How Trauma-Informed Couples Counseling Helps Break Unhealthy Patterns During the Holidays

Why do couples struggle more during the holidays?

Despite what your Instagram feed may show, couples often struggle more during the holidays because this season activates old attachment wounds, family-of-origin histories, financial stressors, overstimulation, and expectations that collide with each partner’s internal survival strategies. Trauma-informed couples counseling helps partners understand these invisible forces, communicate with compassion, and interrupt reactive patterns before they escalate.

How can trauma shape the ways couples experience the holiday season? 

Trauma—whether attachment trauma, relational trauma, or family-of-origin patterns—can shape how partners interpret holiday triggers, manage emotional stress, and respond to conflict.
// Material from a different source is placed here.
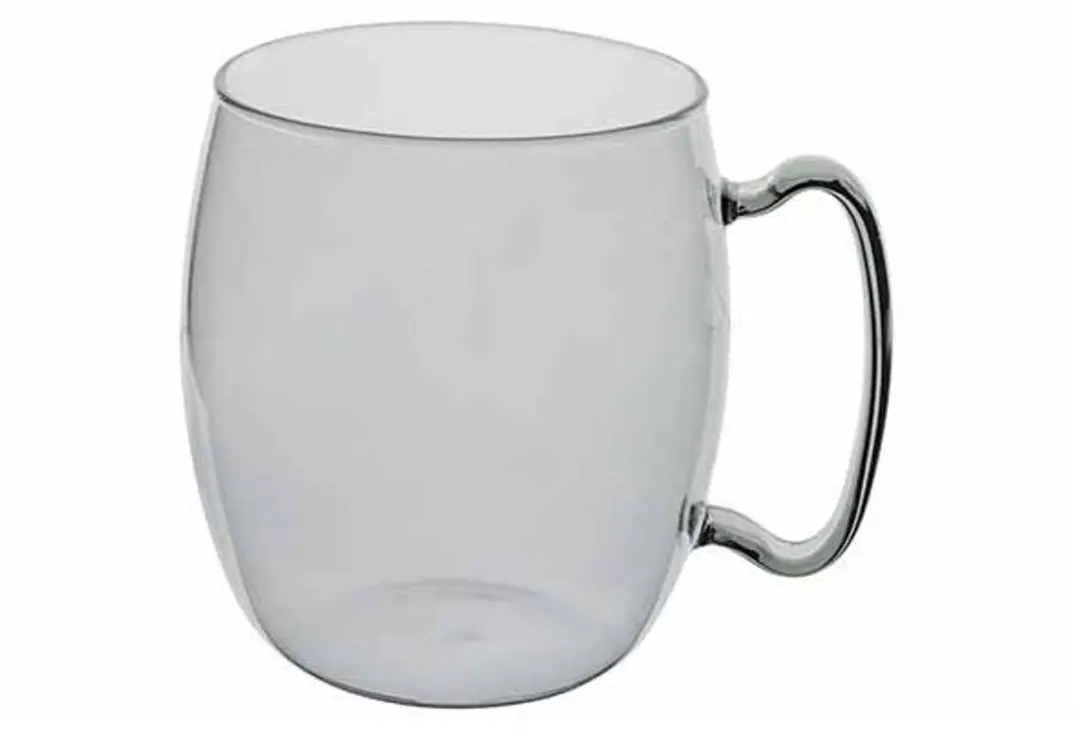 Cosy&Trendy Moscow Mule Glazen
During the holidays, unresolved trauma often resurfaces because this period mirrors past relational dynamics, increases pressure, and reduces access to routine coping skills.

How trauma can impact relationships during the holidays:

  • Heightened anxiety or irritability around family gatherings

  • Fear of disappointing others or being “too much / not enough”

  • Hypervigilance in chaotic or overstimulating environments

  • Shutdown, withdrawal, or dissociation when overwhelmed

  • Arguments about spending time with one family over the other

  • Old power dynamics resurfacing (control, caretaking, perfectionism)

  • Overfunctioning/underfunctioning patterns becoming extreme

  • Difficulty setting boundaries with family of origin

  • Guilt, shame, or pressure to “perform happiness”

  • Increased sensitivity around gift-giving, finances, or traditions

  • Feeling emotionally unavailable or misunderstood

  • Conflict when one partner seeks closeness and the other seeks space

What makes trauma-informed couples counseling different from traditional couples therapy?

Trauma-informed couples therapy differs because it recognizes that partners aren’t just reacting to each other—they’re reacting to their histories. A trauma-informed therapist helps couples understand their nervous systems, attachment styles, and trauma responses, shifting the focus from blame to understanding and collaboration.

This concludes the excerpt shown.